Vous le savez, l’Autorité bancaire européenne a fixé un ratio de fonds propres – 9 % en juin 2012, sur une base actualisée en septembre – qui a fait l’objet d’un très large consensus parmi les membres de la zone euro et, au-delà, parmi les vingt-sept membres de l’Union européenne réunis au sein du conseil Ecofin. Cela signifie que les fonds propres des banques européennes seront renforcés à hauteur de 106 milliards d’euros, dont 8, 8 milliards d’euros pour les banques françaises.
Des engagements ont été pris et un calendrier a été fixé. C’est dans ce cadre que doivent s’inscrire les actions des établissements bancaires. Le Gouvernement sera très attentif à ce que les banques augmentent leurs fonds propres en réduisant les dividendes et bonus et non en réduisant leur degré d’implication dans l’économie, ce qui entraverait l’accès au crédit des entreprises et des particuliers.
Dans le même élan, le G20, sous présidence française, a pris la mesure des difficultés que nous traversons, et s’est engagé à mettre en œuvre un ensemble de mesures courageuses.

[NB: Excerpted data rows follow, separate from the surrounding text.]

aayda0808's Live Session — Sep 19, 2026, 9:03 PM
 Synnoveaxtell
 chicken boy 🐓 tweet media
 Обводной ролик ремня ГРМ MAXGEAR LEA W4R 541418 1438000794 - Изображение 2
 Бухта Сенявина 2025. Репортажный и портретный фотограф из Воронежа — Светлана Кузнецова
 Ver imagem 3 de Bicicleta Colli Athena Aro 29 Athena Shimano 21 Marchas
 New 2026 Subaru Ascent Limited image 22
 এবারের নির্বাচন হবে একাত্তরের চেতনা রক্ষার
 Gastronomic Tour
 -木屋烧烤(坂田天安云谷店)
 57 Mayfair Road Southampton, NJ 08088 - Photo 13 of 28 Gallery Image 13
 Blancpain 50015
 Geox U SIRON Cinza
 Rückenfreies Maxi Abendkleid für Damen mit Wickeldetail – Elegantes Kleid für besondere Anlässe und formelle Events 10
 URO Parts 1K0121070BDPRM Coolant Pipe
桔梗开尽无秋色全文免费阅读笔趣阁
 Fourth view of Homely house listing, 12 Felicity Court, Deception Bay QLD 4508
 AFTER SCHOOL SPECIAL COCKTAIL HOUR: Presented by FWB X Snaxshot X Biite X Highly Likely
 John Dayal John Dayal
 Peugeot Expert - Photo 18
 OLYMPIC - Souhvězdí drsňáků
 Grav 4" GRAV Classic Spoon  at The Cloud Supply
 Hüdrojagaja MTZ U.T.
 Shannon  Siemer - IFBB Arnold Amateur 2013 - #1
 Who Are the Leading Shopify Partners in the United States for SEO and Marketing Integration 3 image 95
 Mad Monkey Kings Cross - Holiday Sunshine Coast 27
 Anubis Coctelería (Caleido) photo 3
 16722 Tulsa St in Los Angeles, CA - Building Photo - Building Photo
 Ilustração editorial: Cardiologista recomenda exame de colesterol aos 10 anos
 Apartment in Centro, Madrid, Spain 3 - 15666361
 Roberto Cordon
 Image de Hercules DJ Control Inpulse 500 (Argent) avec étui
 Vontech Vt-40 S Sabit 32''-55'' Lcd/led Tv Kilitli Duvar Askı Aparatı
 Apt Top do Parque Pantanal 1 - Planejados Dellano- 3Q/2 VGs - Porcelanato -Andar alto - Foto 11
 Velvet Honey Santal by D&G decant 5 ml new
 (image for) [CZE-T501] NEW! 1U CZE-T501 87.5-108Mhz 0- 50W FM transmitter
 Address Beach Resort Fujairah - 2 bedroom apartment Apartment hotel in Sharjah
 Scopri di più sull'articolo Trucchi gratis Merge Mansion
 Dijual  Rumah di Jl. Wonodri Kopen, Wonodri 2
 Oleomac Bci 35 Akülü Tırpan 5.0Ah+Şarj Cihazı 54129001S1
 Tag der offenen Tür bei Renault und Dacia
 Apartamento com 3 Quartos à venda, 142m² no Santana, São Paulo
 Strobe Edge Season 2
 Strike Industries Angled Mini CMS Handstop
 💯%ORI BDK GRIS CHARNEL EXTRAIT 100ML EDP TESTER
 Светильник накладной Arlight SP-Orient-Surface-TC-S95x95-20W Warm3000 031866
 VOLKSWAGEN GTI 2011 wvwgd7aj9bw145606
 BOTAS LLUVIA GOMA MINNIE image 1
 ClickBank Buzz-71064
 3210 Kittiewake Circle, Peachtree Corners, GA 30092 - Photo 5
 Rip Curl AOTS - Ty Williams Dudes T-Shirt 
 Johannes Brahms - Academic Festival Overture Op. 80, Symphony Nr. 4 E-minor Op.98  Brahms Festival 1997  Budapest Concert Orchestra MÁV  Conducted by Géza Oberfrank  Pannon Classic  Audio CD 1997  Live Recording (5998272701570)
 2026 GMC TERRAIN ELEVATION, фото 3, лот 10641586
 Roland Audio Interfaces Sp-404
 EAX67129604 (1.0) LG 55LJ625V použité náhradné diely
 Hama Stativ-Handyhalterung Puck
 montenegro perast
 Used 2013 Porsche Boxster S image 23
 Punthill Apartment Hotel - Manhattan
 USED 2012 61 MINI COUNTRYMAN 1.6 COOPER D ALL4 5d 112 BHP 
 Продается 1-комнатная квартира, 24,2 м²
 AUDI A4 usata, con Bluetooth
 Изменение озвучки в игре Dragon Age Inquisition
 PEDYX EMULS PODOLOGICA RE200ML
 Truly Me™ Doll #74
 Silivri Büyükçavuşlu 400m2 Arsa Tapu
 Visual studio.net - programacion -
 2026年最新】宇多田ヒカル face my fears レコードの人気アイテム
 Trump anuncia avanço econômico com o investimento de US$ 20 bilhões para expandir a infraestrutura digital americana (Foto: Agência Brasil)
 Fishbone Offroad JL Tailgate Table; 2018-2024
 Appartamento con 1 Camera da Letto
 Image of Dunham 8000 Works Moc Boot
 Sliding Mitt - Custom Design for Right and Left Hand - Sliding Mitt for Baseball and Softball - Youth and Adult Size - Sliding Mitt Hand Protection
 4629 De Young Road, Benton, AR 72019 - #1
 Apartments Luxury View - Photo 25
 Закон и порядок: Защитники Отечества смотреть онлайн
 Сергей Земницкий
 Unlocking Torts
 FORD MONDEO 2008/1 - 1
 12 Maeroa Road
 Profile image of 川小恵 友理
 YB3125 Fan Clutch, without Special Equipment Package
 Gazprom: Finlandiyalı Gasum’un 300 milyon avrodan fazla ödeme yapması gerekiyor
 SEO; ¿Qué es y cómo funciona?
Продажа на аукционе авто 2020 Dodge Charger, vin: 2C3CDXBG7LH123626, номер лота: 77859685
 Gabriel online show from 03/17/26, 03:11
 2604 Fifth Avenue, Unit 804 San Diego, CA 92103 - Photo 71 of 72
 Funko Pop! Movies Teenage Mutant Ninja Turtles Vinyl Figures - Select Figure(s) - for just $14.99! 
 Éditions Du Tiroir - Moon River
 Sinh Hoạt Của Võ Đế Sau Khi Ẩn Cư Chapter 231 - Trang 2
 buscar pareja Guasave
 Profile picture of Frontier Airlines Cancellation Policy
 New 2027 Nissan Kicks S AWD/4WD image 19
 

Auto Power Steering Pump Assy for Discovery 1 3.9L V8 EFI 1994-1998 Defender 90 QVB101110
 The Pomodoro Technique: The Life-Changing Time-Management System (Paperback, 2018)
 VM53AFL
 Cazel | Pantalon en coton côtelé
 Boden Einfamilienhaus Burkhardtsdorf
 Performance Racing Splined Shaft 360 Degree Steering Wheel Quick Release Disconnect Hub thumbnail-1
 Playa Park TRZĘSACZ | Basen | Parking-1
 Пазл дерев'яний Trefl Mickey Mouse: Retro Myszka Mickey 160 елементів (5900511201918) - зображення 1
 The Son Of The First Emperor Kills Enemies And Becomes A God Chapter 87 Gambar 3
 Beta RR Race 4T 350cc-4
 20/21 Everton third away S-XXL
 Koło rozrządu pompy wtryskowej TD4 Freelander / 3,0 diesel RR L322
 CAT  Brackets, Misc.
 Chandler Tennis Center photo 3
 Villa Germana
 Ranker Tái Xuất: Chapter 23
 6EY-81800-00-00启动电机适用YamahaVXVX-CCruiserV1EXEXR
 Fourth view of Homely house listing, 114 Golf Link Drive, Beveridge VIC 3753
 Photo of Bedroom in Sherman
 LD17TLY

C’est la zone euro qui est actuellement mise à l’épreuve, mais – vous le savez bien, mesdames, messieurs les sénateurs – le problème est global. Les économies sont si imbriquées et interconnectées que, lorsqu’une zone s’enrhume, c’est l’ensemble de l’économie mondiale qui tousse. C’est vrai aujourd'hui, alors que l’épicentre de la crise mondiale est en Europe. Cela l’était également lorsque, entre 2007 et 2008, l’épicentre se trouvait aux États-Unis, avec d'abord la crise des subprimes puis, un an plus tard, la faillite de Lehman Brothers : ces événements eurent un impact mondial, entraînant une récession qui nécessita, dans tous les pays, une adaptation des politiques publiques afin d’en amortir les conséquences.
Les conclusions du sommet de Cannes sont à la hauteur de ces enjeux. Contrairement à ce qui s’était passé lors des sommets de Toronto et de Londres, à l’issue desquels un seul axe avait été défini – tout pour la consolidation budgétaire, ou au contraire tout pour la relance économique –, les chefs d’État et de gouvernement ont décidé de mettre en œuvre des politiques différenciées selon les marges de manœuvre dont chaque pays dispose, en s’appuyant sur un jugement objectif, réaliste et adapté à la situation de chacun d’entre eux.
Les pays affichant un excédent budgétaire ont accepté de prendre l’engagement de conduire une politique de relance. La Chine a fait évoluer ses positions, qui étaient initialement assez fermées ; il en a été de même du Canada ou d’autres pays excédentaires. À l’inverse, les pays affichant un déficit budgétaire ont pris l’engagement de poursuivre leurs efforts de consolidation budgétaire.
C’est l’acquis essentiel du sommet de Cannes : une initiative globale, cohérente, structurée, équilibrée et coordonnée à l’intérieur des différentes zones – puissances économiquement avancées ou émergentes – qui participeront au soutien de l’activité économique, afin d’éviter que le ralentissement ne se transforme en une récession dont les conséquences sociales seraient douloureuses.
Les pays du G20 se sont également engagés à réformer le système monétaire international. Dans ce domaine également, il faut souligner l’évolution des positions de la Chine.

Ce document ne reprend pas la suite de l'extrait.